The new fund, proposed by Japan and other countries as the IWC wrapped up its general meeting in Slovenia on Friday, is aimed at providing financial assistance to countries unable to send delegates to its meetings. This year's meeting was attended by about 65 of 88 members.

While the fund is intended to help more countries send delegates, bickering between the pro-whaling and anti-whaling camps could escalate further. At present, the 88 members are almost equally divided.

Many of the developing nations eligible to receive the aid are believed to support whaling. Major issues at the IWC, including whether to resume commercial whaling, require a three-fourths majority vote to pass.

At the five-day biennial meeting, the IWC selected Japanese representative Joji Morishita to be the next chairman of the world whaling body.

It also passed a nonbinding resolution that asks Japan or any IWC member to get approval from the body in order to continue hunting.

Previously, IWC members could conduct "research whaling" with a stipulation, passed in 2014, that plans must be submitted for review in advance by the body's Scientific Committee.

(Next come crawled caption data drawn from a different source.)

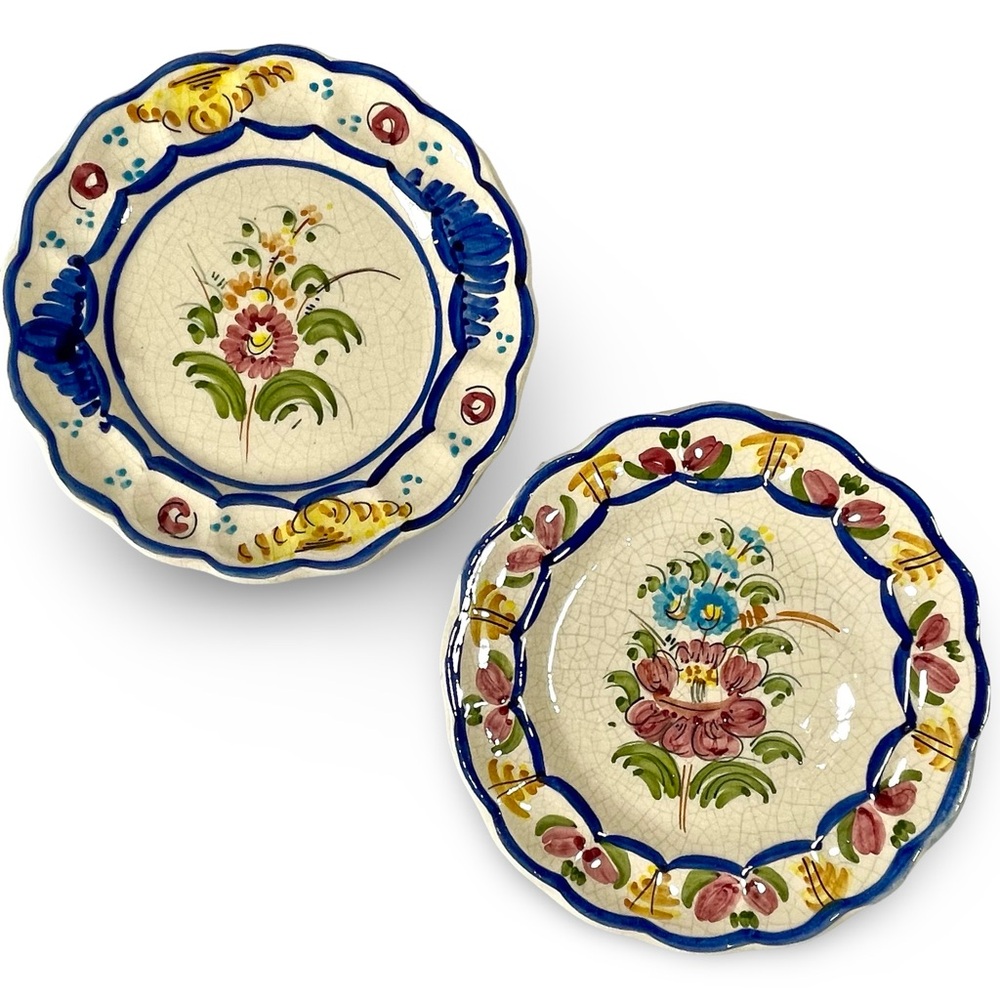 Vintage Pair L. Playa Spanish Majolica Floral Motif Decorative Plates Signed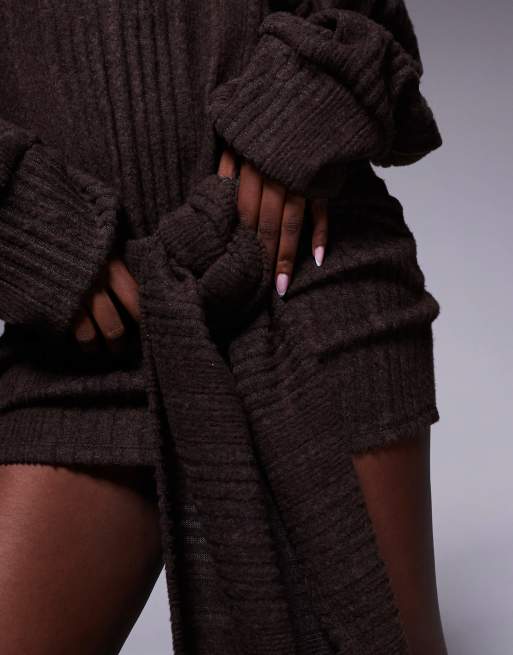 ASOS DESIGN supersoft chunky knit tie waist mini dress in chocolate, 3 of 4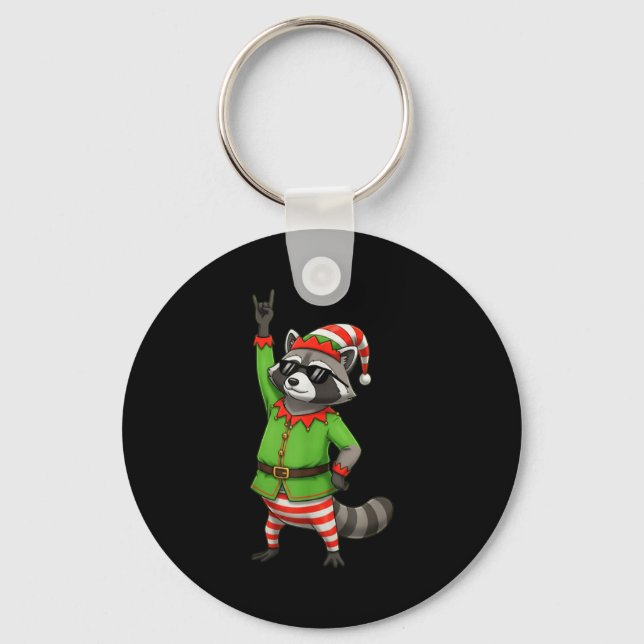 Llavero Funny Christmas Raccoon Dressed As Elf With Sungle (Anverso)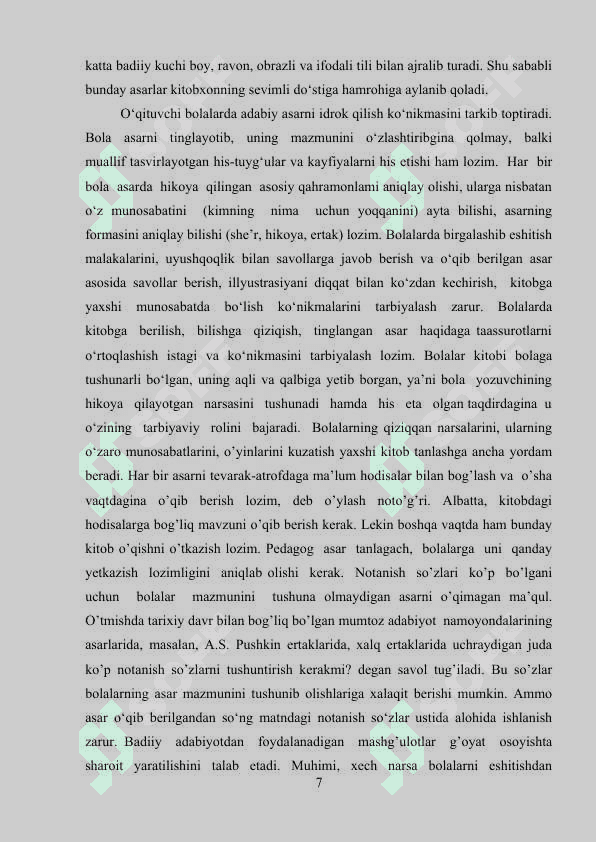 Sinfdan tashqari o’qish darslarida Shukur Sa`dulla ijodini o’rganish 7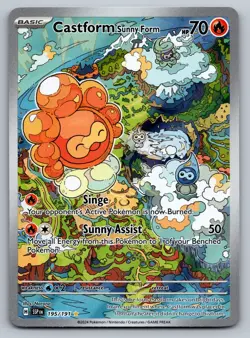 Castform Sunny Form 195/191 Illustration Rare Surging Sparks Pokemon Card NM - Image 1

The new resolution makes no exception for research whaling and will thus tighten scrutiny of the practice.

Japan halted commercial whaling in accordance with an international moratorium that took force in 1986. But it began hunting them again for what it said were scientific purposes in the Antarctic in 1987 and in the Northwest Pacific in 1994.

The International Court of Justice in The Hague ruled in March 2014 that Japan's whale hunts lacked scientific grounds and ordered them stopped. The decision resulted in a hiatus, but Japan restarted whaling late last year.